To make its proposition complete, Domènech says that Tivify benefits from Spain’s favourable regulatory regime, which forces public and regional broadcasters to make their content available, while services are also permitted to provide network DVR services.
Addressable advertising is largely unregulated and Domènech says that Tivify offers an attractive proposition to broadcasters willing to test it out. Partner broadcasters can decide when to include a pre-roll advert and whether it is delivered via their own ad server.
Domènech says that Tivify is able for the most part to strike mutually acceptable deals with broadcasters. Those unable to sell their full inventory can pass the opportunity to Tivify which can sometimes tap the power of its own first-party user data to sell the slot and share the revenue with the broadcaster.
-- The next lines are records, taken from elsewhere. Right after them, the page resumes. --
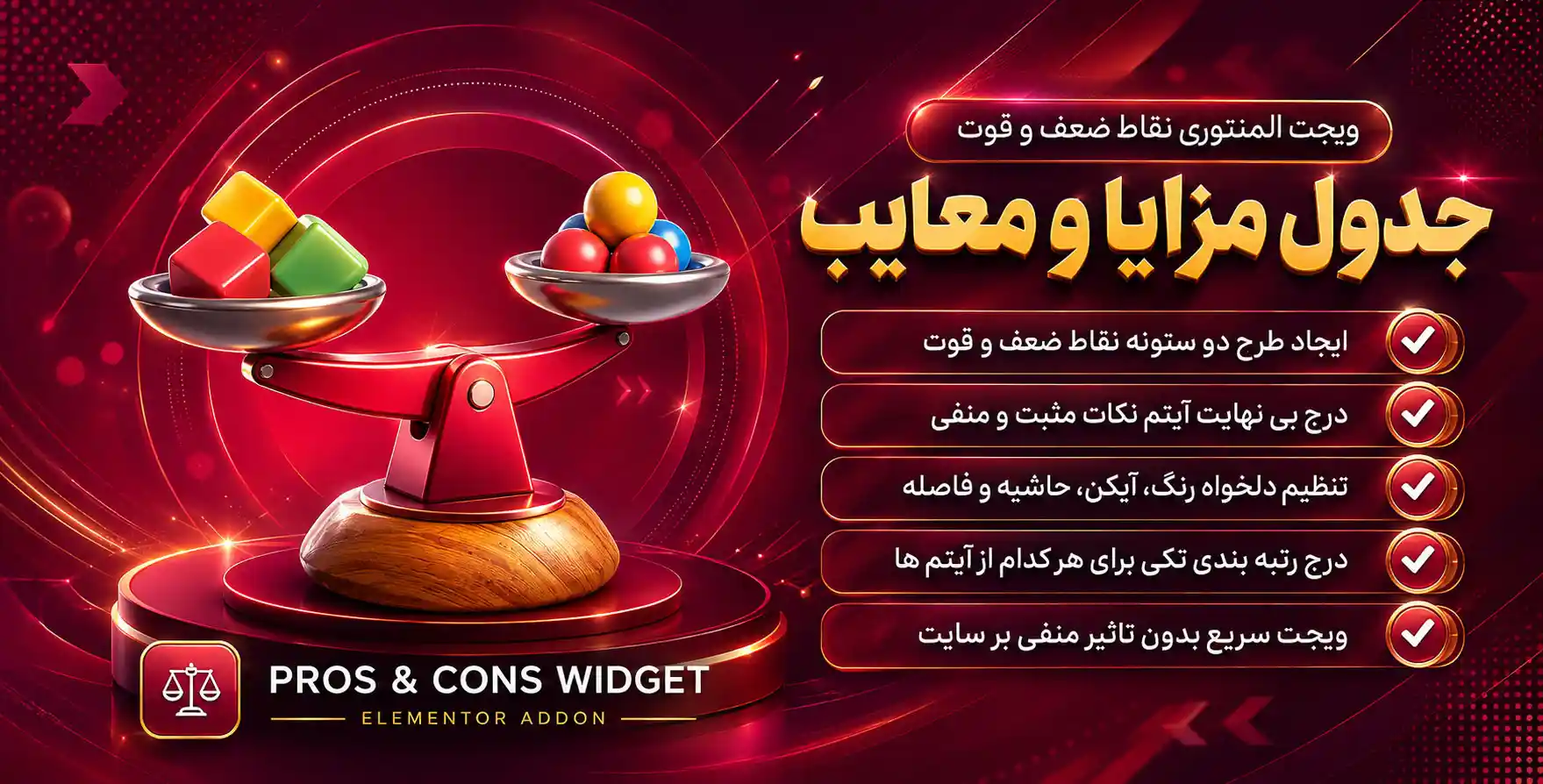 افزونه Pros & Cons Widget for Elementor | افزودنی پراس‌و‌کانس برای نمایش نقاط ضعف و قدرت با المنتور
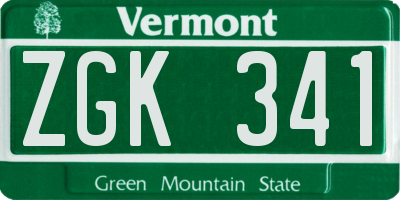 VT license plate ZGK341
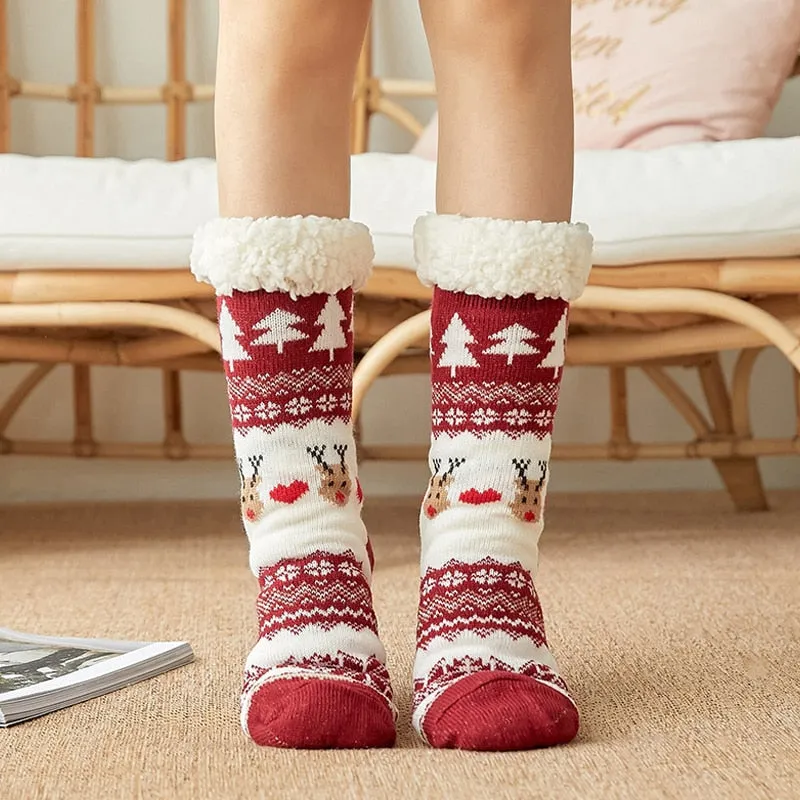 Women New Cute Cotton Thick Warm Winter Christmas Socks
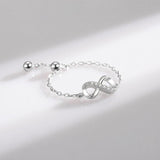 Silver AAAA Simulated Diamonds Trendy Infinite Love Symbol Chain Ring For Women - Original Fine Jewellery - The Jewellery Supermarket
On the technology front, Domènech says that Tivify is device-agnostic and is developing “apps for all ecosystems”, although he says that Android TV gives the best user experience. Tivify is in the process of trying to negotiate deals with the major smart TV manufacturers as well as Chinese manufacturers of Android TVs. The company has developed its own Bluetooth-enabled remote which can be paired with multiple devices in the home.
Domènech believes there is scope in the market to survive and thrive.
“If we can get past 200,000 registered users by the end of this year that will be great,” he says. “We can imagine a world with two or three competitors and two or three million registered users after four years. We need to convince content owners that what we have is better than their own apps.”
Prime targets are an estimated 700,000 potential cord-cutters identified by Tivify’s founders that Domènech says could be tempted by this kind of offering. He points to the Spanish market becoming more rather than less price-sensitive, with the likes of Romania’s Digi now present and eating away at the bases of higher priced mobile and broadband offerings.
The company is now in the process of seeking additional funding, having closed a pre-series round that netted €1.5 million. Domènech says the company hopes to close a Series A round by the end of the fourth quarter with a target of €2 million that could be used to kick off its Latin American ambitions.